By Shawn “Shaggy” Bolker
My passion for waterfalls dates back to when I was only four years old. I recall driving into Yosemite National Park on a rainy spring day and instantly being amazed by the countless roaring waterfalls that seemed to appear around every corner! One that stood out to me in particular was Bridal Veil Falls. I recall being floored by its towering plunge — nothing moved me quite like that before. The waterfall was just so magnetic, majestic and sublime. Also, the cliffs that surrounded it rose so high and steeply into the clouds that I could not see their summit. It seemed like the cliffs were rising to the heavens and the waterfall was pouring down from them. I loved their vigor and the sense of discovery I felt every time I saw a new waterfall. That sense of excitement and discovery remains to this day!
Waterfalls are miraculous, dynamic, unique sites that are quite unlike anything else in the world. Standing beneath a towering waterfall is a sublime and incomparable sensory experience.
From the picturesque sight of falling whitewater to the invigorating (and sometimes overwhelming) feeling of turbulent, drenching mist, a waterfall visit is unlike anything else in the natural world. Waterfalls are one of the only natural features that can virtually come back from the dead. I recall camping in Zion National Park in Utah several years ago and waking up to a towering waterfall that appeared right next our campsite after a rainy night. It was merely a cliff the day before! Witnessing the revival of a waterfall is inspiring and cannot be replicated.
Waterfalls are irresistible; they draw people in. I drove through Yosemite Valley last year to see people literally stop in the middle of the road, get out of their cars and wander towards Yosemite Falls, gazing in awe at its towering plunge.
In the past few years, I have developed a “shaggy” vernacular that was meant, in part, to describe certain aspects of waterfalls in an interesting way. The “shag” started in my latter years of high school and really blossomed after I came to Lewis & Clark. There is no particular reason for this, the progression of “shag” just seemed like the natural thing to do. It has grown to refer to pretty much anything. “Shag” can be a descriptive term referring to something positive, relaxed or good but it can also be used in place of a person’s name. “Hey shag” or “that waterfall is shag.”

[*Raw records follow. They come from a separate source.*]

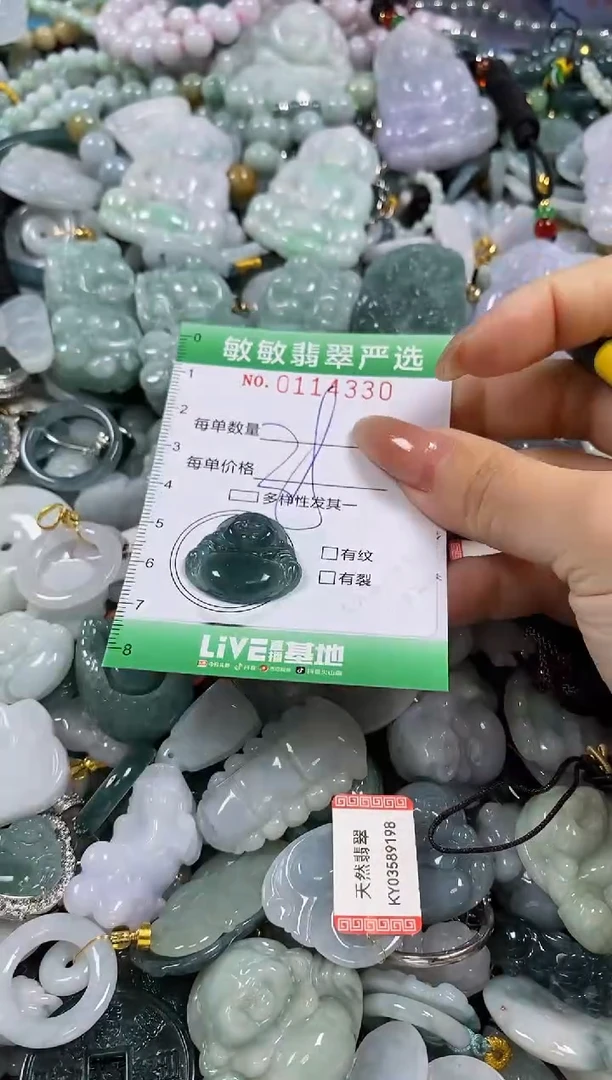 【闪购商品】翡翠颈饰未镶嵌闪购0114330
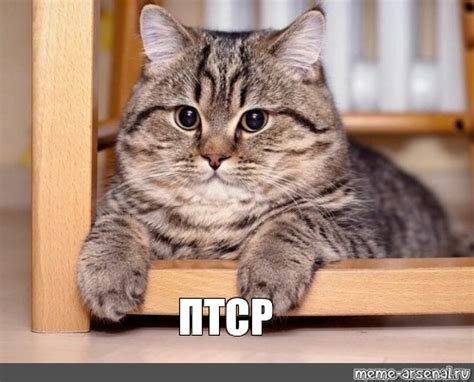 Мем: "ПТСР" - Все шаблоны - Meme-arsenal.com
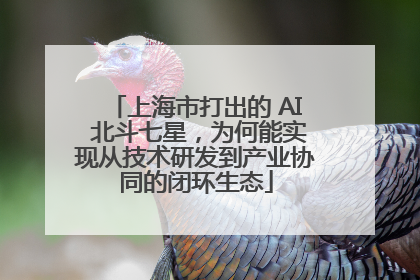 上海市打出的 AI 北斗七星，为何能实现从技术研发到产业协同的闭环生态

Waterfalls can be “shaggy” or “miami.” Miami developed when my friend Phil and I discovered an urban waterfall in San Francisco that is lit up at night with multiple shades of purple and blue. When “miami” is used, it is not in reference to the city in Florida, but to this waterfall in San Francisco. We just started saying “shag” this, “miami” that and it caught on. Many of my friends and even people I don’t know use it now. I’ve overheard it several times around campus, even from professors.
Shag can also be used as an affirmative statement. “Shag shag” means ok. From here, the vernacular expanded to include words like “busted,” “surreal” and “trapped.” None of these have origin stories in particular, they just naturally evolved. Who knows how the shaggy vernacular will grow in the future.
My lifelong passion for falls has not wavered at all upon coming up here to Portland. Waterfalls are my sanctuary — they are endless sources of inspiration and rejuvenation. The countless number of falls here in Oregon and across the border in Washington are miami. They are just waiting to be explored!